Parameter | Accepted values | Default | Description |
---|---|---|---|
tls | true , false | true | Use secure connection, set to false when connecting to a non-secure server or cluster. |
connectionName | Any string | None | Connection name |
maxDiscoverAttempts | Number | 10 | Number of attempts to discover the cluster. |
discoveryInterval | Number | 100 | Cluster discovery polling interval in milliseconds. |
gossipTimeout | Number | 5 | Gossip timeout in seconds, when the gossip call times out, it will be retried. |
nodePreference | leader , follower , random , readOnlyReplica | leader | Preferred node role. When creating a client for write operations, always use leader . |
tlsVerifyCert | true , false | true | In secure mode, set to true when using an untrusted connection to the node if you don't have the CA file available. Don't use in production. |
tlsCaFile | String, file path | None | Path to the CA file when connecting to a secure cluster with a certificate that's not signed by a trusted CA. |
defaultDeadline | Number | None | Default timeout for client operations, in milliseconds. Most clients allow overriding the deadline per operation. |
keepAliveInterval | Number | 10 | Interval between keep-alive ping calls, in seconds. |
keepAliveTimeout | Number | 10 | Keep-alive ping call timeout, in seconds. |
userCertFile | String, file path | None | User certificate file for X.509 authentication. |
userKeyFile | String, file path | None | Key file for the user certificate used for X.509 authentication. |
When connecting to an insecure instance, specify tls=false
parameter. For example, for a node running locally use kurrentdb://localhost:2113?tls=false
. Note that usernames and passwords aren't provided there because insecure deployments don't support authentication and authorisation.
Creating a client
First, create a client and get it connected to the database.
var client = new EventStoreClient(EventStoreClientSettings.Create("kurrentdb://admin:changeit@localhost:2113?tls=false&tlsVerifyCert=false"));
The client instance can be used as a singleton across the whole application. It doesn't need to open or close the connection.
Creating an event
You can write anything to KurrentDB as events. The client needs a byte array as the event payload. Normally, you'd use a serialized object, and it's up to you to choose the serialization method.
Server-side projections
User-defined server-side projections require events to be serialized in JSON format.
We use JSON for serialization in the documentation examples.
The code snippet below creates an event object instance, serializes it, and adds it as a payload to the EventData
structure, which the client can then write to the database.
using System.Text.Json;
public class OrderCreated {
public string? OrderId { get; set; }
}
var evt = new OrderCreated {
OrderId = Guid.NewGuid().ToString("N"),
};
var orderCreated = new EventData(
Uuid.NewUuid(),
"OrderCreated",
JsonSerializer.SerializeToUtf8Bytes(evt)
);
Appending events
Each event in the database has its own unique identifier (UUID). The database uses it to ensure idempotent writes, but it only works if you specify the stream revision when appending events to the stream.
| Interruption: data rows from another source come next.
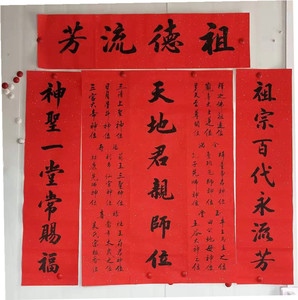 天地君亲师位中堂客厅新款祖德流芳姓氏家神对联香火牌位手写定制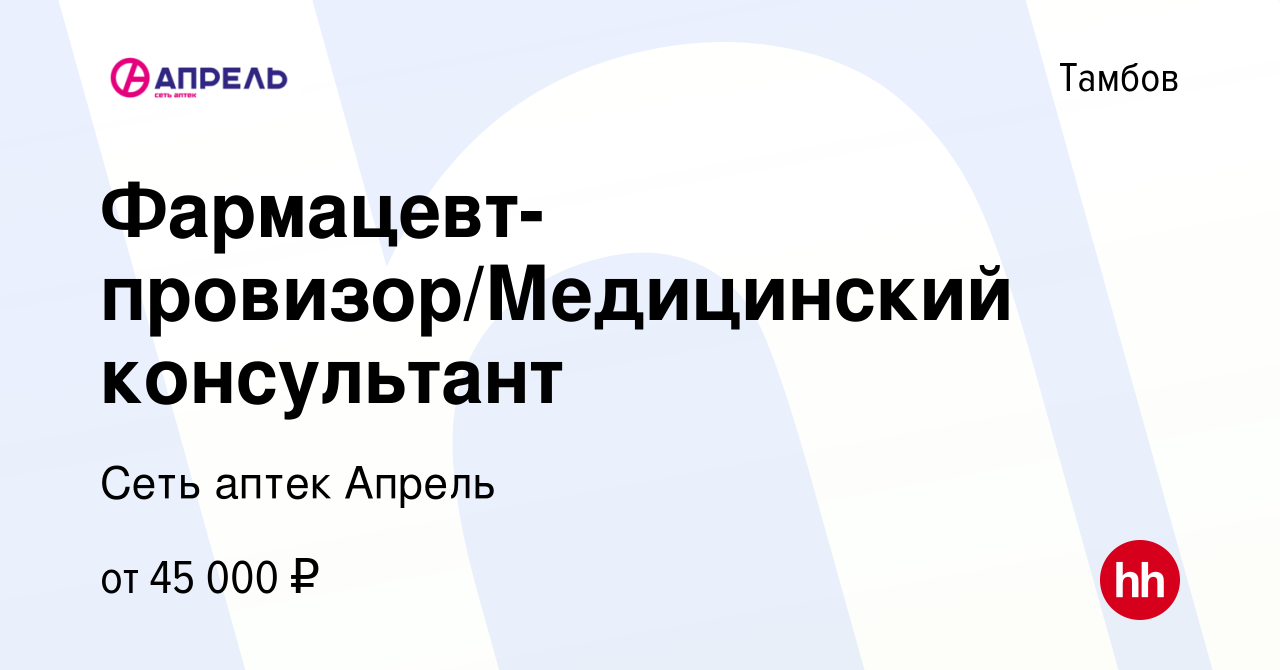 Вакансия Фармацевт-провизор/Медицинский консультант в Тамбове, работа в  компании Сеть аптек Апрель (вакансия в архиве c 10 февраля 2024)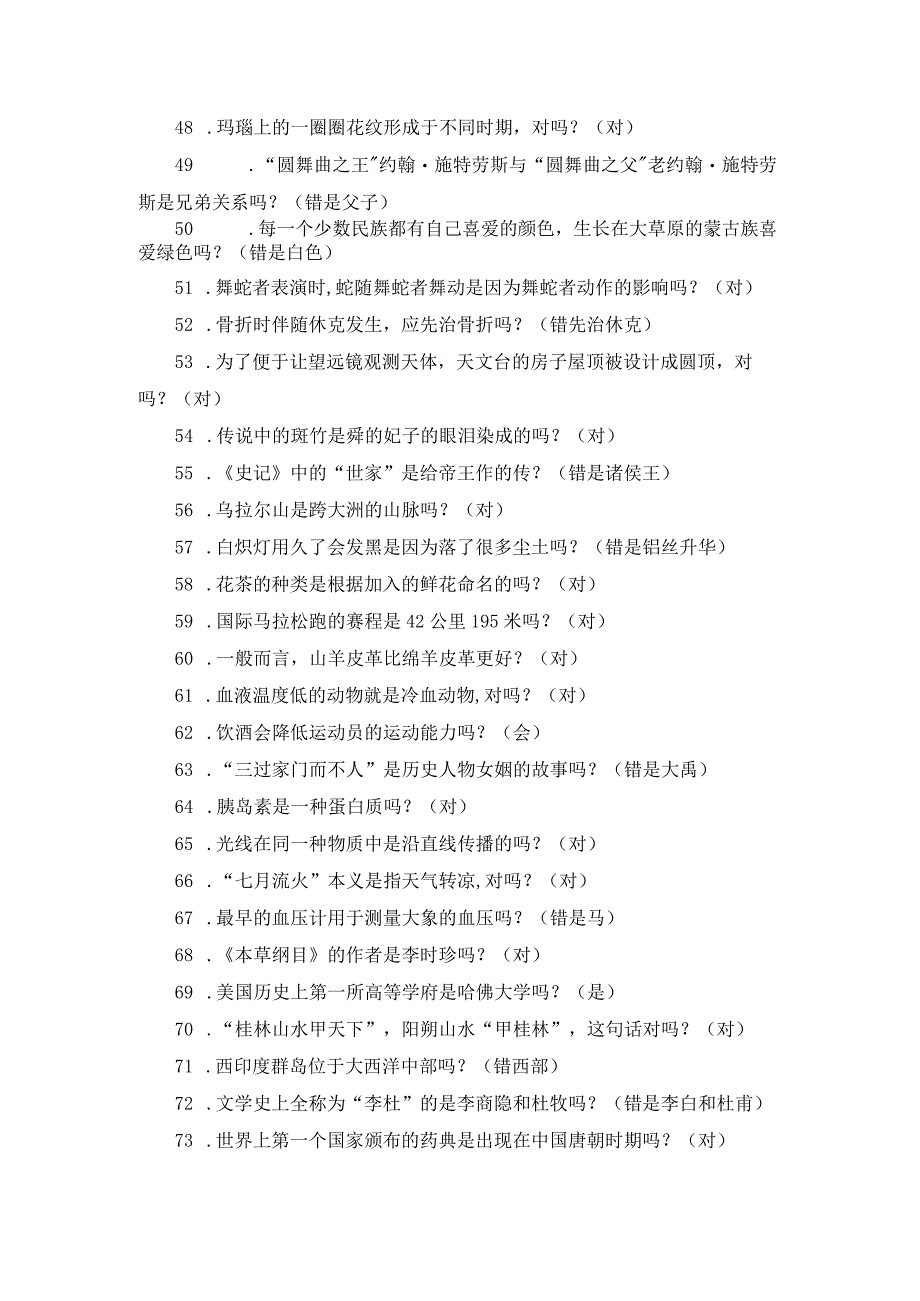 2023年小学生科普竞赛试题及答案.docx_第3页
In the snippet below, we append the event to the stream order-123
.
await client.AppendToStreamAsync("order-123", StreamState.Any, [orderCreated]);
Here we are appending events without checking if the stream exists or if the stream version matches the expected event version. See more advanced scenarios in appending events documentation.
Reading events
Finally, we can read events back from the order-123
stream.
var result = client.ReadStreamAsync(
Direction.Forwards, "order-123", StreamPosition.Start
);
var events = await result.ToListAsync();
When you read events from the stream, you get a collection of ResolvedEvent
structures. The event payload is returned as a byte array and needs to be deserialized. See more advanced scenarios in reading events documentation.